• _Work request_
Every entry below should be reproduced exactly; no picture is to be included.

........

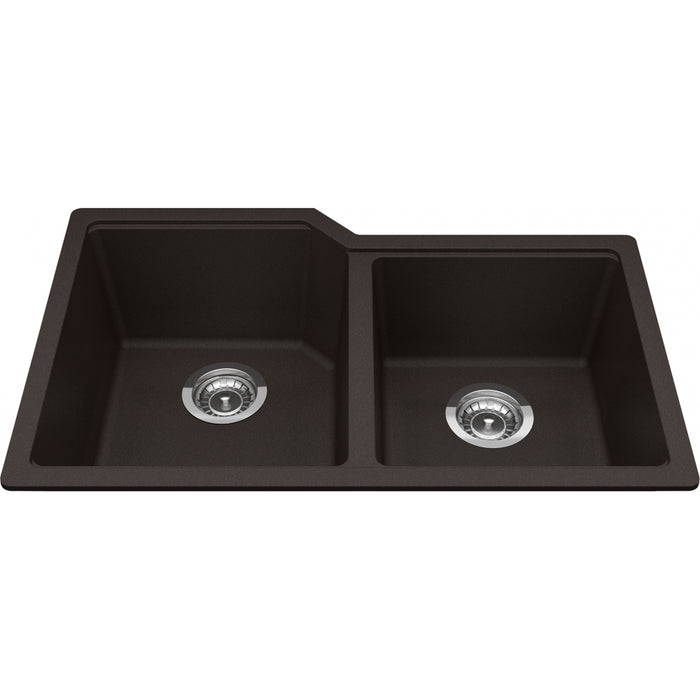 KINDRED - GRANITE Urban Undermount Double Sink 36Cab - MGC2031U-9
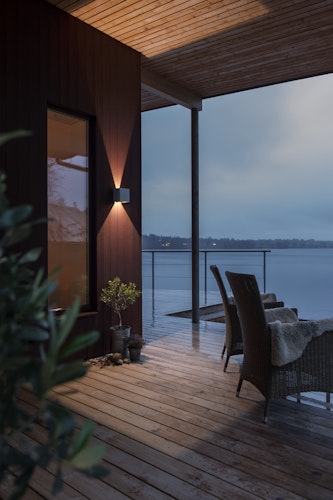 Konstsmide Wandleuchte Cremona, versch. Farben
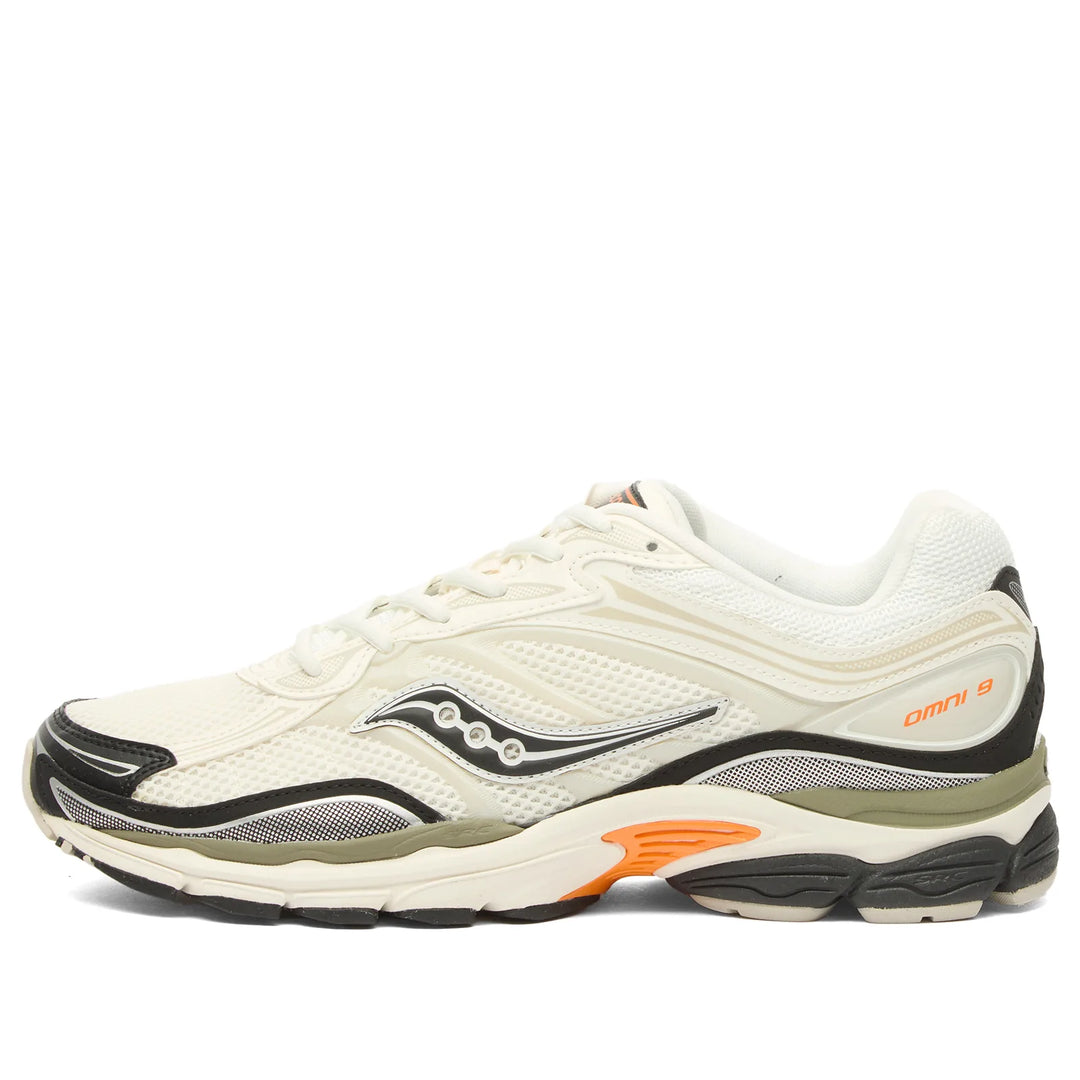 SAUCONY PROGRID OMNI 9 WHITE TUMERIC — Stock 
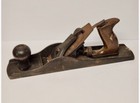 Vintage Antique Woodworking Carpenters Plane Planer Wood Handle 13 1 2    Long
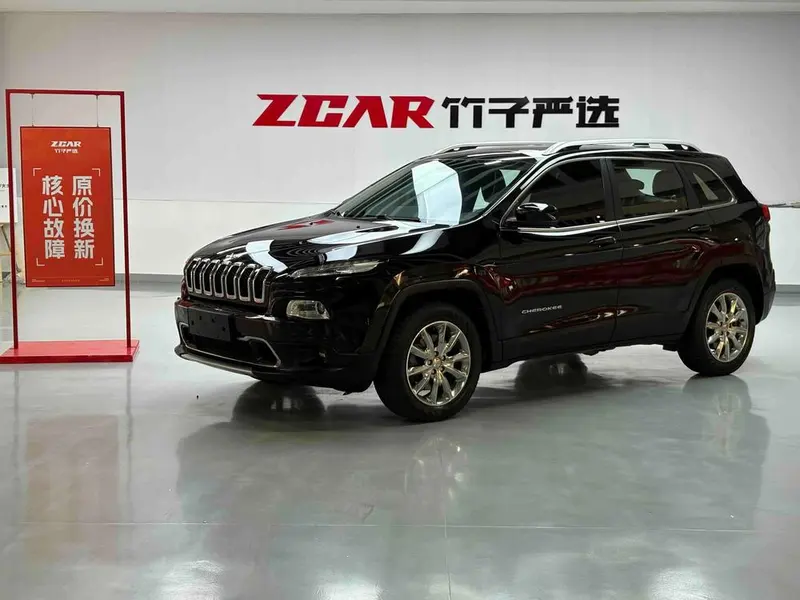 Jeep Cherokee, 2016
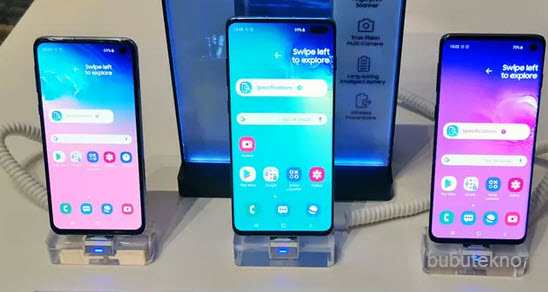 Begini Cara Reset Sederhana Samsung Galaxy S10, S10 Plus atau S10e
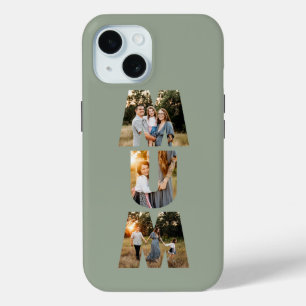 Mama 3 Foto Moderne, elegante Weibchen Case-Mate iPhone Hülle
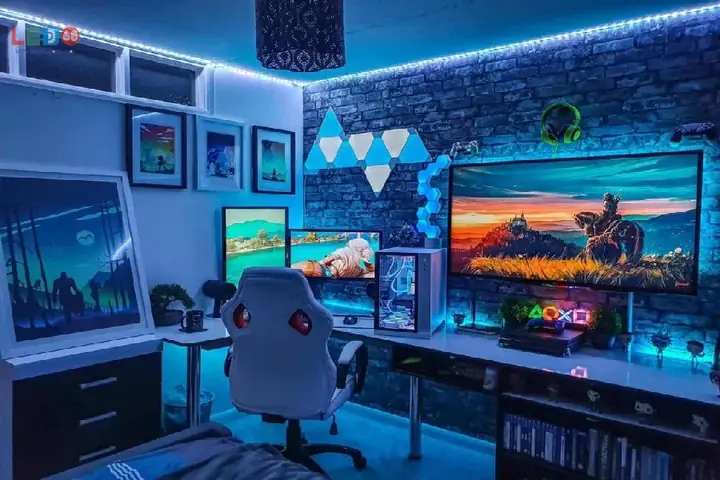 Đèn Led Trang Trí Phòng Game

........

• _Worked solution_
 KINDRED - GRANITE Urban Undermount Double Sink 36Cab - MGC2031U-9
 Konstsmide Wandleuchte Cremona, versch. Farben
 SAUCONY PROGRID OMNI 9 WHITE TUMERIC — Stock 
 Vintage Antique Woodworking Carpenters Plane Planer Wood Handle 13 1 2    Long
 Jeep Cherokee, 2016
 Begini Cara Reset Sederhana Samsung Galaxy S10, S10 Plus atau S10e
 Mama 3 Foto Moderne, elegante Weibchen Case-Mate iPhone Hülle
 Đèn Led Trang Trí Phòng Game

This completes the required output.